— EXERCISE —
Everything in the data except the pictures belongs in your answer, copied exactly.

— MATERIAL PROVIDED —
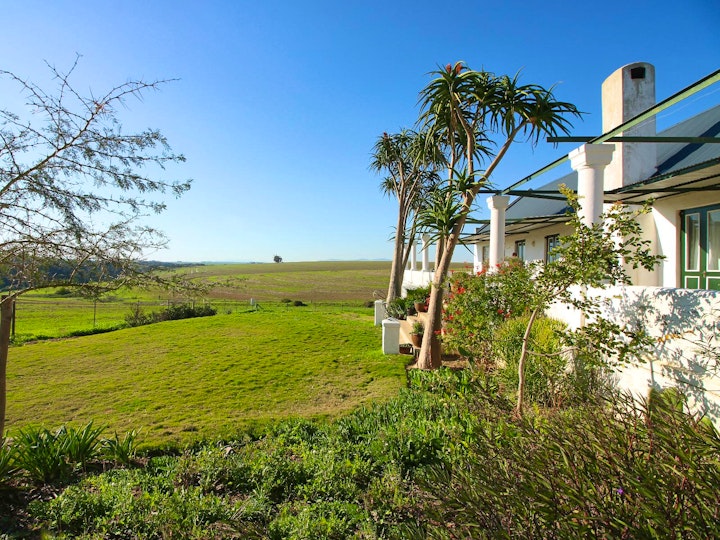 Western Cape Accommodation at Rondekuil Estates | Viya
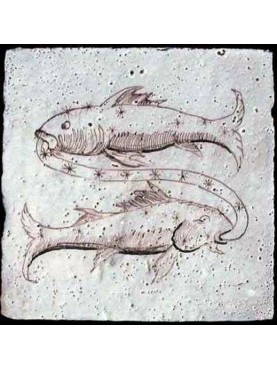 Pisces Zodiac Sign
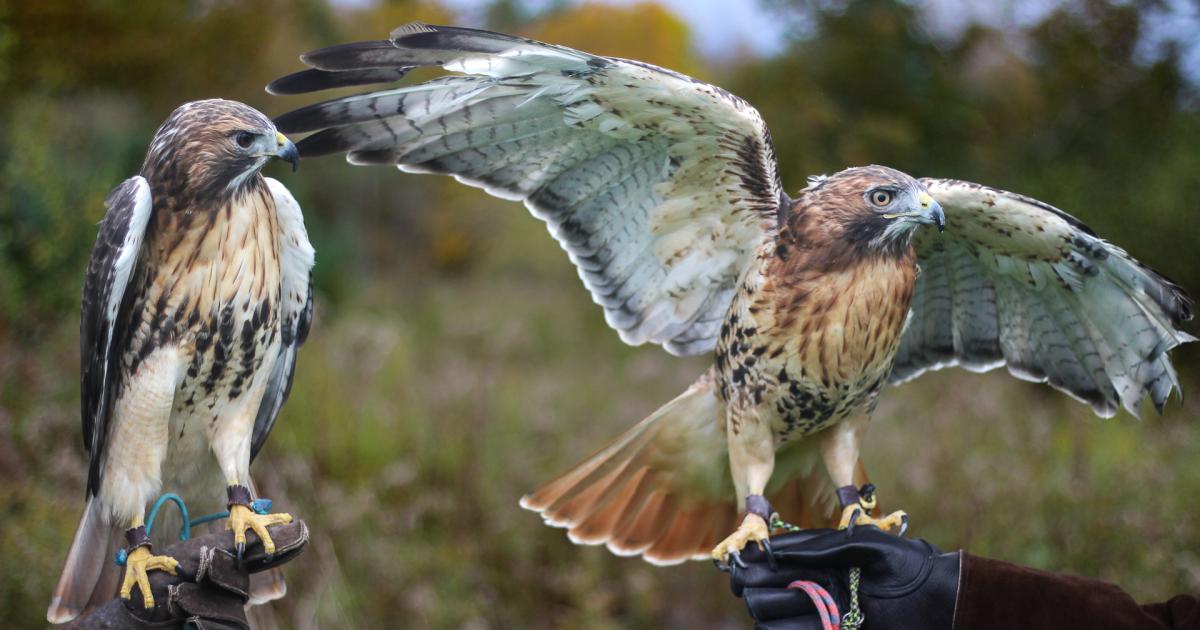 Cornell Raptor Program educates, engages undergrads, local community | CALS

— REPLY TO THE TASK —
 Western Cape Accommodation at Rondekuil Estates | Viya
 Pisces Zodiac Sign
 Cornell Raptor Program educates, engages undergrads, local community | CALS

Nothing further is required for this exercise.